Abstract
Breast cancer is the leading cause of cancer-related death in women worldwide. A promising strategy to improve breast cancer survival rates is precision medicine--a targeted approach to the diagnosis and treatment that are tailored for individual patients considering their genetic, environmental, and lifestyle backgrounds. In this talk I will introduce our series of work towards precision medicine in breast cancer. I will first describe, at a pan-cancer level, how we used as few as 58 genomic features to build accurate predictors to detect cancer patients from normal people, to classify the cancer types and subtypes, and to predict their survival time. I will then introduce our work on developing AI methods for analyzing, segmenting, quantifying, improving resolution, extracting features, and building predictive models for radiomic-based breast cancer analysis from biomedical imaging data, such as DCE-MRI. I will finally propose radiogenomics analysis methods to decipher the relationship between genomic and radiomic signatures, which will not only lead to better understanding of the heterogeneity of breast cancer, but also to better diagnosis, prognosis and treatment of breast cancer.
Brief Biography
Dr. Xin Gao is a professor of computer science in CEMSE Division at KAUST. He is also the Acting Associate Director of the Computational Bioscience Research Center (CBRC), Deputy Director of the Smart Health Initiative (SHI), and the Lead of the Structural and Functional Bioinformatics (SFB) Group at KAUST. Prior to joining KAUST, he was a Lane Fellow at Lane Center for Computational Biology in School of Computer Science at Carnegie Mellon University. He earned his bachelor degree in Computer Science in 2004 from Tsinghua University and his Ph.D. degree in Computer Science in 2009 from University of Waterloo.
Dr. Gao’s research interest lies at the intersection between computer science and biology. In the field of computer science, he is interested in developing machine learning theories and methodologies related to deep learning, probabilistic graphical models, kernel methods and matrix factorization. In the field of bioinformatics, his group works on building computational models, developing machine learning techniques, and designing efficient and effective algorithms to tackle key open problems along the path from biological sequence analysis, to 3D structure determination, to function annotation, to understanding and controlling molecular behaviors in complex biological networks, and, recently, to biomedicine and healthcare.

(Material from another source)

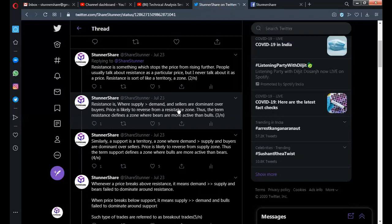Assume gold is currently at the resistance zone. What happens is that sellers will be dominant there because the price of gold has reached an extreme high. Common people or investors in gold will try to square up their positions because the price is very high. People generally do not like buying at such high prices, so they will be expecting the price to come down.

He has published more than 240 papers in the fields of bioinformatics and machine learning. He is the associate editor of Genomics, Proteomics & Bioinformatics, BMC Bioinformatics, Journal of Bioinformatics and Computational Biology, and Quantitative Biology, and the guest editor-in-chief of IEEE/ACM Transactions on Computational Biology and Bioinformatics, Methods, and Frontiers in Molecular Bioscience.